Posted by: Matt Bodie | Dec 12, 2013 4:07:05 PM

Hi Matt,

Perhaps my use of the word "successful" was overboard, but what I meant to say is this: If in the future I write a paper that references the "endowment effect," I will feel highly compelled to cite or discuss either Klass & Zeiler's current paper and/or Zeiler's earlier work. I may also think twice before I even reference or include the concept, particularly if it is only tangential to my argument. To me, that rates as a "successful challenge," in that Zeiler and her various co-authors have caused me to rethink a concept that I had previously accepted. I don't find Klass & Zeiler's tone particularly officious; I just think they are pointing out a gap they see between the experimental literature and the legal academic literature.
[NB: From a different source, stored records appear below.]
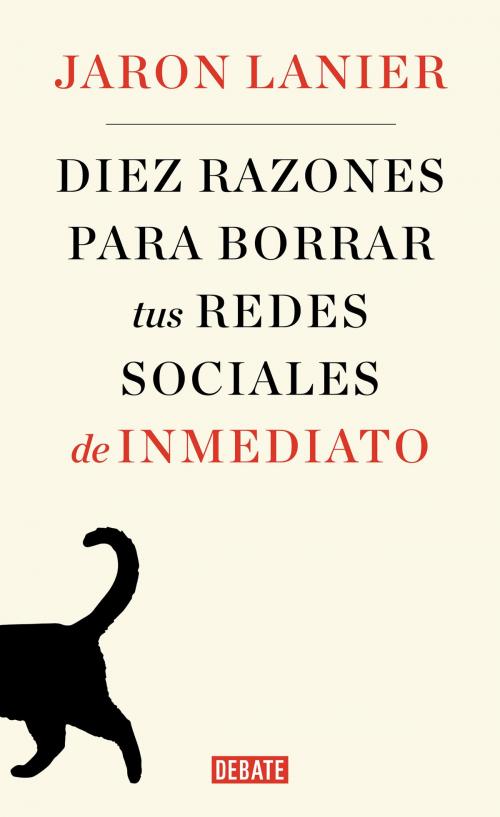 Cover of the book Diez razones para borrar tus redes sociales de inmediato by Jaron Lanier, Penguin Random House Grupo Editorial España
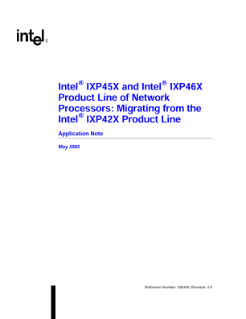 ® ®
Intel IXP45X and Intel IXP46X
Product Line of Network
Processors: Migrating from the
®
Intel IXP42X Product Line
Application Note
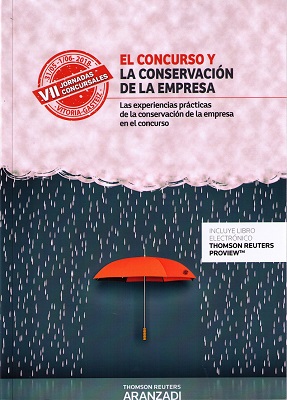 El concurso y la conservación de la empresa. 9788491972099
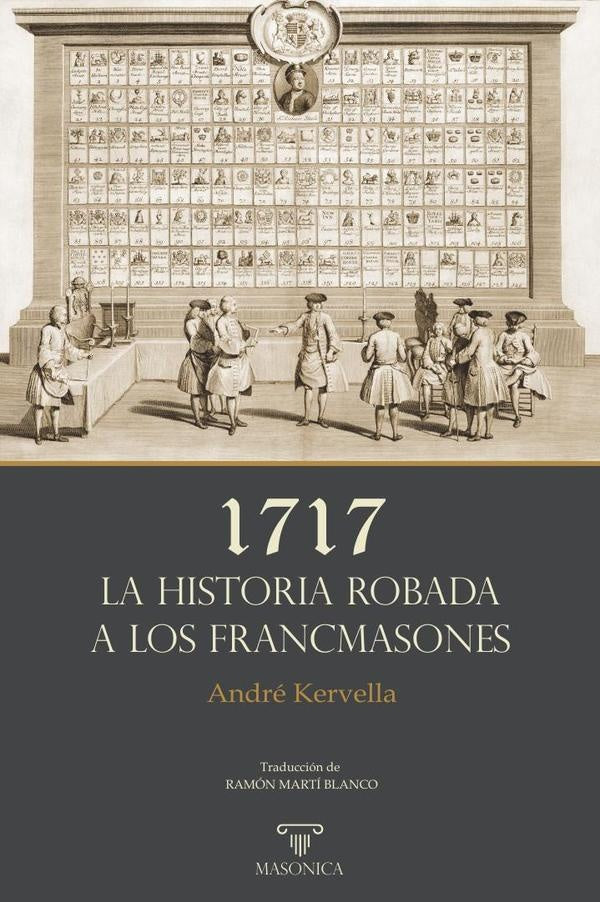 1717 | La historia robada a los francmasones | Andre Kervella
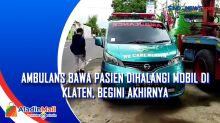 Ambulans Bawa Pasien Dihalangi Mobil di Klaten, Begini Akhirnya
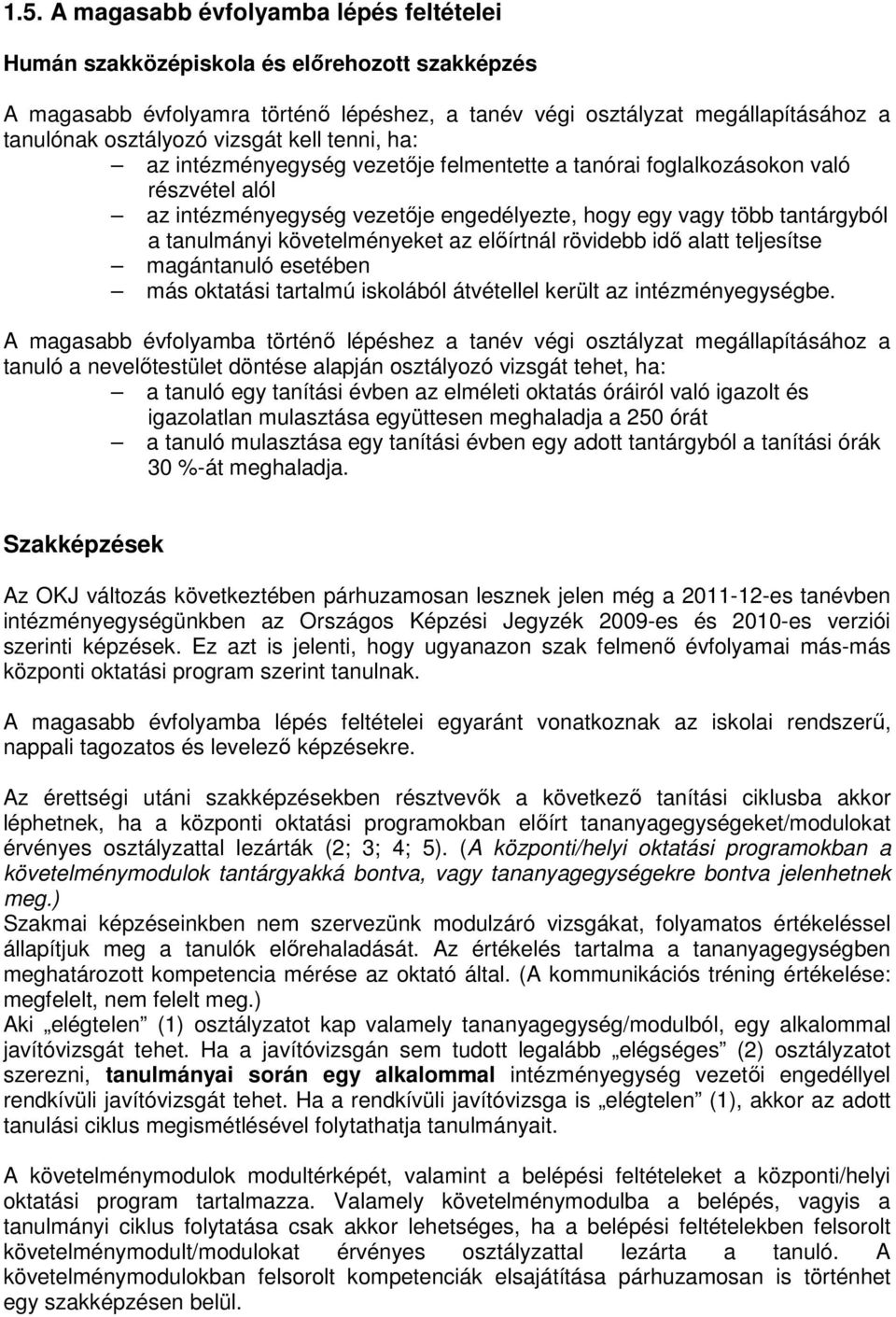követelményeket az előírtnál rövidebb idő alatt teljesítse magántanuló esetében más oktatási tartalmú iskolából átvétellel került az intézményegységbe.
I didn't see the same conflict of interest that you did - or perhaps I just ignored it because it was so obviously disclosed. Zeiler and Klass make clear at the beginning of their article that they will talk about and reference Plott & Zeiler's research. I can see how a reader might discount the article on those grounds, particularly if no other research were cited. But if there is anyone qualified to talk about Plott & Zeiler's research, I would think that dataset would include Kathryn Zeiler. Moreover, because Zeiler is herself a law professor, it strikes me as appropriate for Zeiler to convey her concerns to a legal academic audience.

In any event, one of the many points of the post was to note my enjoyment in reading articles I had previously missed in the past six months.

Posted by: Miriam Baer | Dec 12, 2013 3:35:54 PM

Miriam: I take issue with your characterization that the behavioral theories "have been successfully challenged or revised since their first introduction to legal scholars." I think the research is still pretty contested. And I find it a little strange that this law review article is co-written by one of the coauthors to the studies that allegedly "successfully challenge or revise" the original research. There are 14 pages reiterating the Plott-Zeiler research, and 7 devoted to subsequent studies. And while there does seem to be a fair amount of ferment, I don't think the matter is settled.

My beef here is not that a set of scholars is contesting the validity of previous social science research. My problem is that this set is then acting as if the matter has been decided and hectoring law professors for continuing to use the original research. If you are going to speak for an entire discipline, or several disciplines, it's better not to have such an obvious conflict of interest.